Decksmith requires asynchronous job processing for operations that are too slow for synchronous HTTP requests:

  1. PDF Generation: High-quality proxy sheets take 30-60+ seconds to generate (downloading images, rendering layouts, uploading to storage)
  2. Scryfall Bulk Data Sync: Daily import of ~100k cards with pricing data (~150 MB JSON file)
  3. Future Features: Email notifications, collection import/export, batch operations

Key requirements:

  • Jobs must survive API server restarts (persistent queue)
  • Failed jobs must be retried with exponential backoff
  • Monitor job status (pending, active, completed, failed)
  • Support job prioritization (Pro users get priority)
  • Schedule recurring jobs (daily Scryfall sync at 3 AM UTC)
  • Rate limiting to prevent abuse

Question: Which job queue system should we use?

Option 1: BullMQ + Redis

BullMQ is a Node.js job queue library built on Redis.

Benefits:

  • Mature, battle-tested library (used by major companies)
  • Built-in retry logic with exponential backoff
  • Job prioritization (priority queue)
  • Delayed jobs and cron-based scheduling
  • Rate limiting built-in
  • Bull Board dashboard (visual monitoring)
  • Supports distributed workers (horizontal scaling)
  • TypeScript-first with excellent type safety
  • Active development and maintenance

Costs:

  • Requires Redis instance (additional infrastructure)
  • More complex setup than simple polling
  • Redis adds operational overhead (monitoring, backups)

Infrastructure:

  • Dev: Redis via Docker Compose (free, local)
  • Prod: Upstash Redis serverless (~$5-10/month) or Redis Cloud free tier (up to 30MB)
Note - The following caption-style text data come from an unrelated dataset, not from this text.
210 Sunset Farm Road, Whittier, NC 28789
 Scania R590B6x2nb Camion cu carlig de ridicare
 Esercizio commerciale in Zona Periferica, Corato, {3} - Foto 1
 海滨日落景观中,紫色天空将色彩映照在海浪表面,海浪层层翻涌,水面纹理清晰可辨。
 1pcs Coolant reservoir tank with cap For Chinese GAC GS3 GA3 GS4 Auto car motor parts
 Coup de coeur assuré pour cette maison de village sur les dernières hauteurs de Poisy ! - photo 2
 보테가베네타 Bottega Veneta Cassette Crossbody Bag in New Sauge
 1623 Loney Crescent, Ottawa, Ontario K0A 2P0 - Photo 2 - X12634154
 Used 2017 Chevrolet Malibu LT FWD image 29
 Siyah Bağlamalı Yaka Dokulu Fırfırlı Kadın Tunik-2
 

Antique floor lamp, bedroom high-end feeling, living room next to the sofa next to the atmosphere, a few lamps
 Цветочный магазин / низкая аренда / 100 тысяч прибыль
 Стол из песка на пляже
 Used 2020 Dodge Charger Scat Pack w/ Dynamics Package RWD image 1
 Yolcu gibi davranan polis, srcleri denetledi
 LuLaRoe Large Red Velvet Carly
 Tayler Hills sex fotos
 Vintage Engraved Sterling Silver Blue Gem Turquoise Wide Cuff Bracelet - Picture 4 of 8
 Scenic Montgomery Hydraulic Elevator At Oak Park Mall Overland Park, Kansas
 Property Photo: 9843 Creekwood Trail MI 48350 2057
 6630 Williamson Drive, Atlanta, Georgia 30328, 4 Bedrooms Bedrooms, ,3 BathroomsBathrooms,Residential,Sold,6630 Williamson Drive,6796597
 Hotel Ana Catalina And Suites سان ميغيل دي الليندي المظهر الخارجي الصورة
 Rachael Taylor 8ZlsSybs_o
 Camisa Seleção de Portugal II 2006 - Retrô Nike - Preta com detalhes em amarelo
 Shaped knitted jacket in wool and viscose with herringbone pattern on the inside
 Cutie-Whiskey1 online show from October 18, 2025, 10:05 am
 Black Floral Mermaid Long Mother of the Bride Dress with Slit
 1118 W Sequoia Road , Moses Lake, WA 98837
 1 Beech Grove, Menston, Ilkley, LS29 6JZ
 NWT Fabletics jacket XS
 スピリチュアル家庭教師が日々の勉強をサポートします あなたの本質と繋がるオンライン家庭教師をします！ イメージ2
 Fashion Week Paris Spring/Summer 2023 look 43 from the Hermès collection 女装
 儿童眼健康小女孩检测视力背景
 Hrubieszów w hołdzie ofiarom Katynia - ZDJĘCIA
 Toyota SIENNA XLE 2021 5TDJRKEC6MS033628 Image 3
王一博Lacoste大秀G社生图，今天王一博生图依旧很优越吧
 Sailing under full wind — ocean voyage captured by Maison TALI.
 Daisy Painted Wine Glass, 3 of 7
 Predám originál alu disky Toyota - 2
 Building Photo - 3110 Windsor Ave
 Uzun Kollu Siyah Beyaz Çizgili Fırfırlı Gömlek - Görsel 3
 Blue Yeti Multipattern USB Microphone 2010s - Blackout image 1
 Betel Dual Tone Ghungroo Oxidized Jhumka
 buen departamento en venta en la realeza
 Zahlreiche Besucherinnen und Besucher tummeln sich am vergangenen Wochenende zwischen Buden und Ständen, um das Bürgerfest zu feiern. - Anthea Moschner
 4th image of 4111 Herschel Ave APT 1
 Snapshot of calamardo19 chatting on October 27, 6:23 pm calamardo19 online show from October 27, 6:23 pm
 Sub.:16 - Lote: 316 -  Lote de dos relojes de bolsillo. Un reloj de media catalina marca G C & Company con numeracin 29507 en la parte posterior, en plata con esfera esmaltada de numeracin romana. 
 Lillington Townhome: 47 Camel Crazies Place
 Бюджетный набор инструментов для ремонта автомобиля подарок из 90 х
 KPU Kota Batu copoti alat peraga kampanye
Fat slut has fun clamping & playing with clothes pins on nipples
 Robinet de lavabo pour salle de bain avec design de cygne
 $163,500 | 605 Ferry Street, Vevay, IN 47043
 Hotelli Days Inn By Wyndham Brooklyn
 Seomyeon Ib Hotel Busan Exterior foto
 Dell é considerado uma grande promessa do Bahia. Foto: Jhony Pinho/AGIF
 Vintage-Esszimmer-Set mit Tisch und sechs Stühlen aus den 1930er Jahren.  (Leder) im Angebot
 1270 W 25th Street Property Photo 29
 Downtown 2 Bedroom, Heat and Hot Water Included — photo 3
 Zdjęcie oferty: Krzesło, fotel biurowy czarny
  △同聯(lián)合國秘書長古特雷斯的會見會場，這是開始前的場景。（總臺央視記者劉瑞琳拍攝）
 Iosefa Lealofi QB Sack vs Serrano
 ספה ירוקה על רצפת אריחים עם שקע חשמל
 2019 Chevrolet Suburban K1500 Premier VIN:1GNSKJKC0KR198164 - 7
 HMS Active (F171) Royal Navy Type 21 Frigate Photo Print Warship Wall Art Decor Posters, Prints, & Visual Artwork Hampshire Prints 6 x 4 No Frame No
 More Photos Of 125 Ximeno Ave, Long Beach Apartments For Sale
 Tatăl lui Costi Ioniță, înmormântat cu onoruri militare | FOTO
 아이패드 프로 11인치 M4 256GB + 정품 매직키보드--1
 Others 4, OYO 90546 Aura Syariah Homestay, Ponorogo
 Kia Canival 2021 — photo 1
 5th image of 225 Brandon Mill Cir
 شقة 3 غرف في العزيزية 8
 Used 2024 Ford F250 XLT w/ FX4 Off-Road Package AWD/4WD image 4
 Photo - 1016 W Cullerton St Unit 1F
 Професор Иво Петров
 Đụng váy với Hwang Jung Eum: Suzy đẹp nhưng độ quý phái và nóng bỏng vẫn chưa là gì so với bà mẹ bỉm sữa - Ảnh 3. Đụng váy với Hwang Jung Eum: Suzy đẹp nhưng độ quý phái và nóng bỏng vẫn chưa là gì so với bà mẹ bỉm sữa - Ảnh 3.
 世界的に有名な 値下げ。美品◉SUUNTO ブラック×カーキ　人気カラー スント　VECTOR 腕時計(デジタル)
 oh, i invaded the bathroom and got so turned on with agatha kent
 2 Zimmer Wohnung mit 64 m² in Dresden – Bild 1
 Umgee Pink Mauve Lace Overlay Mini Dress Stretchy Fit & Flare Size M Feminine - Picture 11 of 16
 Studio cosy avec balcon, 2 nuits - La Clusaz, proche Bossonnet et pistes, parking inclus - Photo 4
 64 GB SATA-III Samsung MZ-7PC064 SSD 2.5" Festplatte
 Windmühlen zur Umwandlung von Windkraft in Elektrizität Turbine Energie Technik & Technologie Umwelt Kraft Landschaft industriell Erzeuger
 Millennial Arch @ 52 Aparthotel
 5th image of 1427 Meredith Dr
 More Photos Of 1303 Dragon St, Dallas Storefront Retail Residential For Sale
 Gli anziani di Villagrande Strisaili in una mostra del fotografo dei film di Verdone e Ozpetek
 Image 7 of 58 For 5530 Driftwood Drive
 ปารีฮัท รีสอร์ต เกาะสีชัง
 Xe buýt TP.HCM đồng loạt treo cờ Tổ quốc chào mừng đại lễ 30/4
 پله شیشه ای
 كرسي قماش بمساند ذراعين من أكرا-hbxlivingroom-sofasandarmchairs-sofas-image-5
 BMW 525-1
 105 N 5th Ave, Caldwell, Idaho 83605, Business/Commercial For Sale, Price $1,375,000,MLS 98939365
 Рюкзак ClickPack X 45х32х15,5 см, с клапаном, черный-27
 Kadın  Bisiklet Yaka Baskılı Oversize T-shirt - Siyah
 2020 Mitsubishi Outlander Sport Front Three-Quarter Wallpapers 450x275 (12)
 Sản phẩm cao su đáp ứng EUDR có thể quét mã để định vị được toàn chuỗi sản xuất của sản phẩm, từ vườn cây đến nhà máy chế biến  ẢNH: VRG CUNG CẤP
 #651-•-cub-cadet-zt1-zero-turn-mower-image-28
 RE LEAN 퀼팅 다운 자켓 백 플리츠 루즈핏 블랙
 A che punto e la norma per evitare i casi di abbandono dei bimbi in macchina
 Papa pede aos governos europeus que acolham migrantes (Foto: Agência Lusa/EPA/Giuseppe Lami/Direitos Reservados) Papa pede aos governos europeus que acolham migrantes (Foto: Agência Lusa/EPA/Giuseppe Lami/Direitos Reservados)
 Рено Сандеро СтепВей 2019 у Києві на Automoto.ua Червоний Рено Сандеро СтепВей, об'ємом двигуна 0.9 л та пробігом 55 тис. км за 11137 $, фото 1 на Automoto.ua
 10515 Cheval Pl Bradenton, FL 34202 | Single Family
Option 2: Supabase Edge Functions + pg_cron

Supabase offers Edge Functions (serverless) + pg_cron (Postgres-based cron).

Benefits:

  • No additional infrastructure (uses existing Supabase)
  • Edge Functions are serverless (auto-scaling)
  • pg_cron built into Supabase Postgres
  • Simpler deployment (no Redis to manage)

Costs:

  • 30-second timeout limit on Edge Functions (too short for complex PDFs with 100+ cards)
  • No native job queue (pg_cron is just scheduling, not queuing)
  • No automatic retry logic (must implement manually)
  • No monitoring dashboard (hard to debug failed jobs)
  • Cold starts (Edge Functions have ~200ms startup delay)
  • Limited concurrency (Supabase free tier: 500k Edge Function invocations/month)

Workarounds:

  • Split long jobs into smaller chunks (complex, error-prone)
  • Implement custom retry logic with database polling (reinventing BullMQ)
  • Use webhooks for job status updates (adds complexity)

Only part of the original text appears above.